Once completed, Taylor presents the finish portrait to the family of the loved one in a ‘reveal’ ceremony.
The project began after Taylor suffered the personal loss of his friend, Army Captain Blake Russell. Seeking a way to comfort Russell’s family, Taylor painted a portrait of his friend and presented it to Russell’s family. When he saw how moved the family was by the gesture, he knew that he’d found his calling. That’s when he and his wife, Lisa, founded The American Fallen Soldiers Project, a not-for-profit organization dedicated to helping provide comfort and healing to the grieving families of America’s fallen military.
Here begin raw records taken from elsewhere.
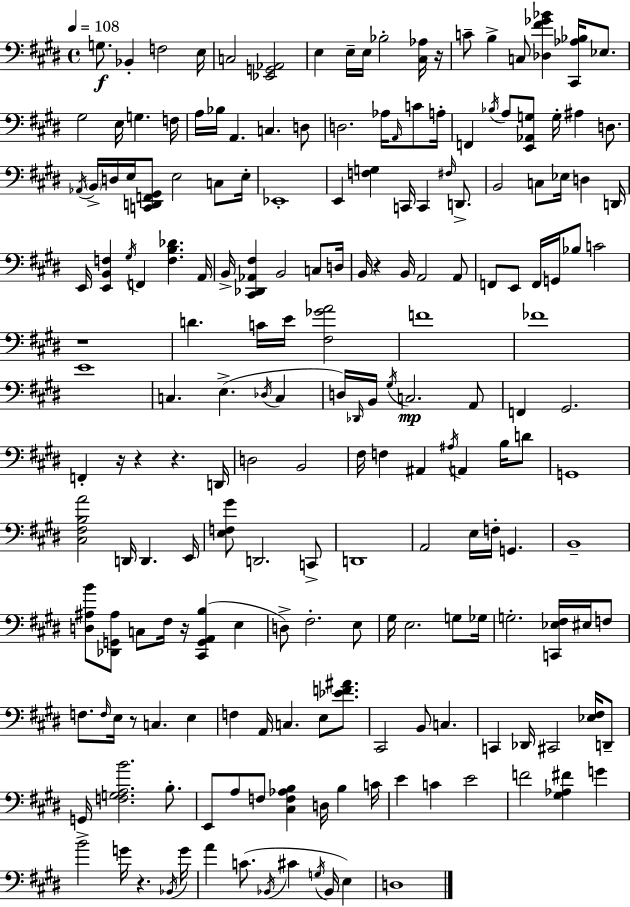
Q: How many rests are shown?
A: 9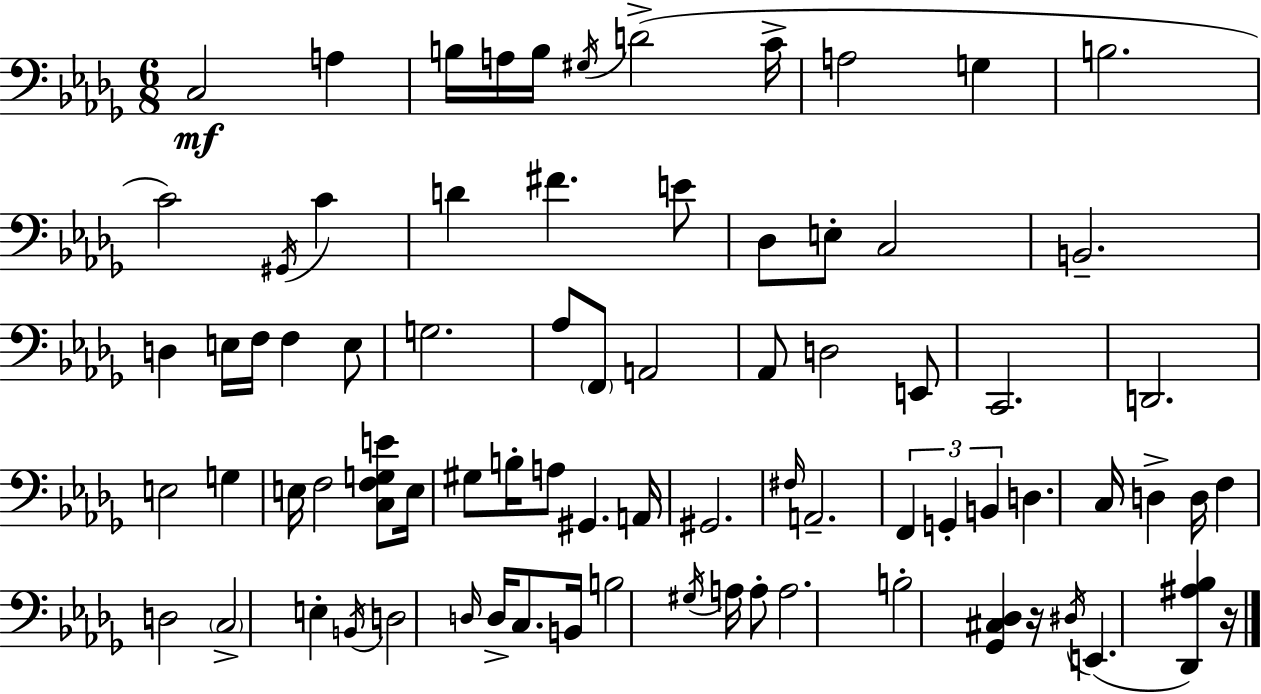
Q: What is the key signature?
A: BES minor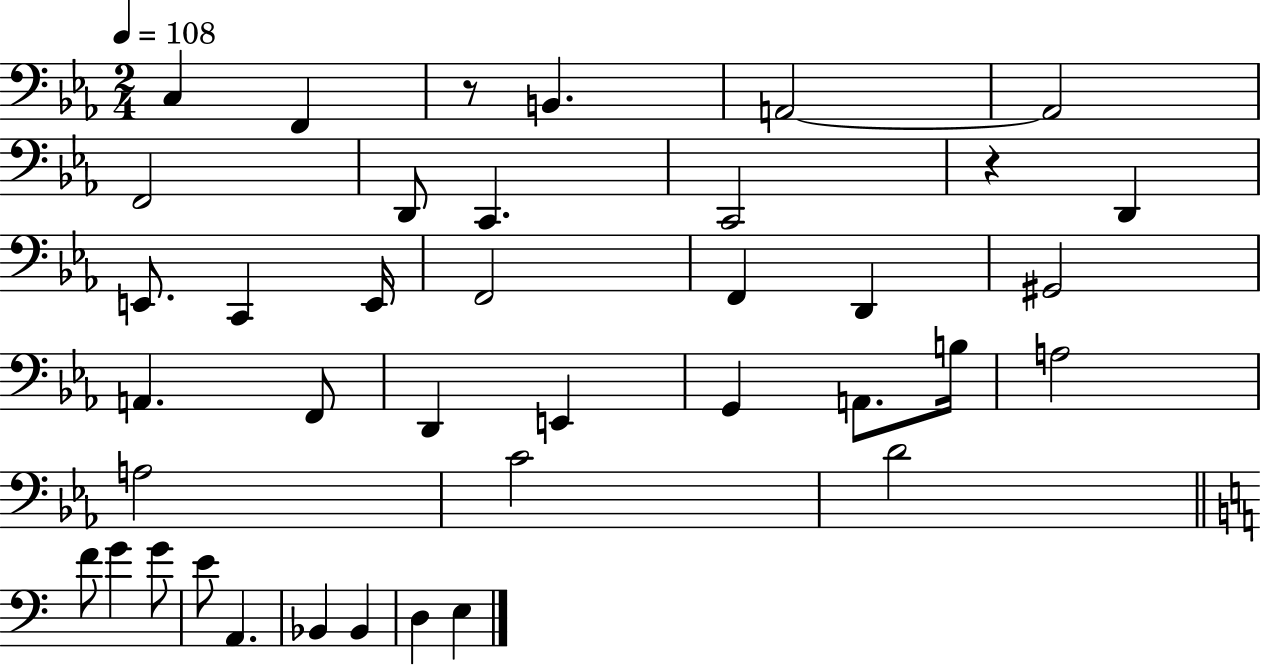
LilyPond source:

{
  \clef bass
  \numericTimeSignature
  \time 2/4
  \key ees \major
  \tempo 4 = 108
  \repeat volta 2 { c4 f,4 | r8 b,4. | a,2~~ | a,2 | \break f,2 | d,8 c,4. | c,2 | r4 d,4 | \break e,8. c,4 e,16 | f,2 | f,4 d,4 | gis,2 | \break a,4. f,8 | d,4 e,4 | g,4 a,8. b16 | a2 | \break a2 | c'2 | d'2 | \bar "||" \break \key c \major f'8 g'4 g'8 | e'8 a,4. | bes,4 bes,4 | d4 e4 | \break } \bar "|."
}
Taylor used his 30 years of experience as a professional artist to develop a signature style for the portraits that incorporates black and white with color accents. As he works to create the finished product, Taylor collaborates closely with the subject’s family to make sure that he truly captures the essence of the fallen soldier. Describing the process, Taylor says, “I like to get to know as much as I can about him or her before I even start sketching. Then once I get started actually painting, those hours working on that portrait are magical to me. Sometimes I paint all night.” He goes to reveal that while he works alone, Taylor never really feels that he’s by himself as he labors the approximately 50 hours it takes to complete each project. “Yes, many times I talk to him or her as I paint them. I feel like we have these intimate conversations that really guide me as I’m doing this. I feel that this person is really here with me through the whole process.”
A grim reality is that part of the reason these portraits mean so much to the many families rests in the realization that because of modern warfare weapons a large number of soldiers must have closed casket funerals. “When that’s the case, parents, spouses and their kids don’t get to touch or kiss them and unfortunately that really robs the family of seeing and feeling them that one last time.,” explains Taylor. “It’s through these portraits that the family gets a chance to not only see their loved one again but they get to take this home with them and have it forever. And, when these families talk about taking the portrait home, they’re not talking about the just having a painting, of their loved one, they’re talking about actually having something that helps them feel complete. I hear them say things like ‘He’s finally home now,’ or ‘We have him back now.’ That’s what they really feel when they have the finished piece.”
When he first started doing this, Taylor was really taken aback by the families’ reaction to his work. “I had no idea that a painting could have the capacity for the type of full restoration that I’ve witnessed. I never realized that doing this for people could heal their soul, but I’ve seen that it does.”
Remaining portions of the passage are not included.